Page 10 of Lincoln


  “A branch broke off,” said David sadly, “under some fellow’s weight.”

  Annie was equally disappointed.

  Lincoln resumed his speech. As he came to the coda, Seward leaned forward, eager to hear what Lincoln had cut from his own speech and what of Seward’s paragraph he had used.

  “You can have no conflict without being yourselves the aggressors. You have no oath registered in heaven to destroy the government …” Seward frowned: this was hard, too hard. “… while I shall have the most solemn one to ‘preserve, protect and defend it.’ ”

  Seward waited for the challenge “With you, and not with me, is the solemn question, ‘Shall it be peace, or a sword?’ ” To his great relief, Lincoln had cut this most dangerous question, and in its place came Seward’s text, ruthlessly pruned of its richer blossoms. “I am loth to close. We are not enemies, but friends. We must not be enemies. Though passion may have strained, it must not break our bonds of affection. The mystic chords …”

  Seward, eyes shut, chanted softly his own original phrase: “The majestic chords which, proceeding from so many battlefields and so many patriotic graves, pass through all the hearts and all the hearths …” Tears came to Seward’s eyes whenever he declaimed this particular passage, first tried out many years ago at Utica. But Lincoln had changed the language. With some irritability, Seward heard the trumpet-voice intone the new “mystic chords of memory, stretching from every battlefield, and patriot grave, to every living heart and hearthstone, all over this broad land, will yet swell the chorus of the Union, when again touched, as surely they will be, by the better angels of our nature.”

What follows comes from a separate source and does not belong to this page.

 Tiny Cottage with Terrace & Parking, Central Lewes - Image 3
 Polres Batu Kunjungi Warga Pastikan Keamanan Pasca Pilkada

  Lincoln stopped; took off his glasses; put the speech into his pocket. As Seward applauded politely, he could not help but think how odd it was that some men have a natural gift for elevated language while others have none at all. Lincoln had made a perfect hash of Seward’s most splendid peroration. Since any one of Seward’s speeches was apt to sell nearly one million copies, he had, suddenly, the sense of being jilted—worse, of being a great beauty abandoned at the altar by a plain and unworthy man. But Seward would prevail in time. The Albany Plan may have misfired but since the principle of it was still very much in his mind, he had taken back his letter of withdrawal. He would be Secretary of State; and prime minister yet.

  Chase turned to Sumner. “What does he mean?”

  Sumner was bemused. “He will take the South back—slaves and all. Anything, to preserve the Union.”

  “Thank God, they will not come.”

  “Thank God, they will not come, without a bloody war.”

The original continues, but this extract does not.